Mi padre detuvo el coche, y se giró, diría que aparatosamente. —¿No te ahoga
la vergüenza, bribón? ¡Creía que nuestras conversaciones eran más secretas que
unas confesiones! Sólo se trata de hipótesis, usadas para adelantar una tertulia. ¡En
ningún caso puedes usar de estas reflexiones inacabadas!
G... me miró, diciendo a mi padre:
—¿Te das cuenta de que tu hijo no entiende nada de todo esto? Igual piensa que
nos conocimos cuando lo encontré delante de mi casa, aquel día de lluvia. ¿Te
acuerdas, doctor?
Mi padre bajó el cristal de la ventanilla, y desabrochó los primeros botones de su
camisa, como para dejar que la brisa que llegaba del mar, por encima de las dunas, lo
refrescara.
—¡Oye! ¿Qué quieres que le digamos? ¿Que nos conocimos cuando tuvo lugar
la ofensiva aliada sobre las bases italianas de Tripolitana? ¿Que te atendí porque,
siendo médico, era mi deber? ¿Que, como eres un abominable parlanchín, me
comiste el coco y que, desde entonces, nunca nos hemos perdido de vista? ¿Que te
conseguí la casa en la cual vives, y que, a veces, pienso que el día en el que te quité
este trozo de metralla de la cabeza, cometí el mayor error de mi vida... ? Se río.
G... volvió a mirar hacia delante, preguntando:
—Ya ésta bien de bromas, doctor... ¿Estamos aún lejos de este sitio del que nos
hablaste? ¡Es que empiezo, yo también, a tener hambre!
Seguía perdido, pero a medida que pasaba el tiempo, y que mantenían esta
extraña conversación, me iba tranquilizando. Era como si el hecho de verlos tan
amigos, tan cómplices, tan cercanos el uno al otro, me diera una especie de garantía.

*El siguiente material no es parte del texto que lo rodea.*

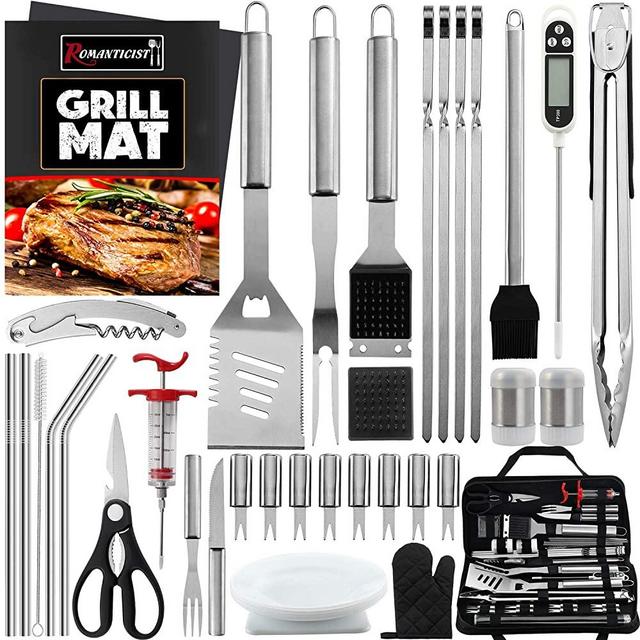 ROMANTICIST 40-Piece BBQ Accessory Kit with Thermometer and Meat Injector, Heavy Duty Complete Stainless Steel BBQ Tool Set with Storage Bag, Best Grill Gift for BBQ Lovers on Birthday Christmas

Estaba seguro de que, mientras estuviera con ellos, nada desagradable o peligroso
podía ocurrirme. ¡Me sentía protegido entre aquellos dos personajes que, al fin y al
cabo, desconocía completamente, tanto al uno, como al otro!
Les comenté que, si era verdad que hacia escasamente unas horas me hubiera
fascinado saber todo esto, ahora ya no me importaba.
Tenía una idea imprecisa, que bailaba en mi espíritu, algo como esas palabras
que no hay manera de recordar, y que surgen de repente, cuando se deja de buscarlas,
o bien que desaparecen para siempre. En el barco, cuando capté las vidas de los
delfines que se acercaban, pasó algo de este tipo: me di cuenta de que sabía algo. Que
en mí había subido hasta la superficie, algo que era como una luz, y que desconocía
hasta aquel momento. Al mismo tiempo, había tenido la fuerte sensación de que
bastaría muy poca cosa para que acabase de subir, apareciendo en mi conciencia.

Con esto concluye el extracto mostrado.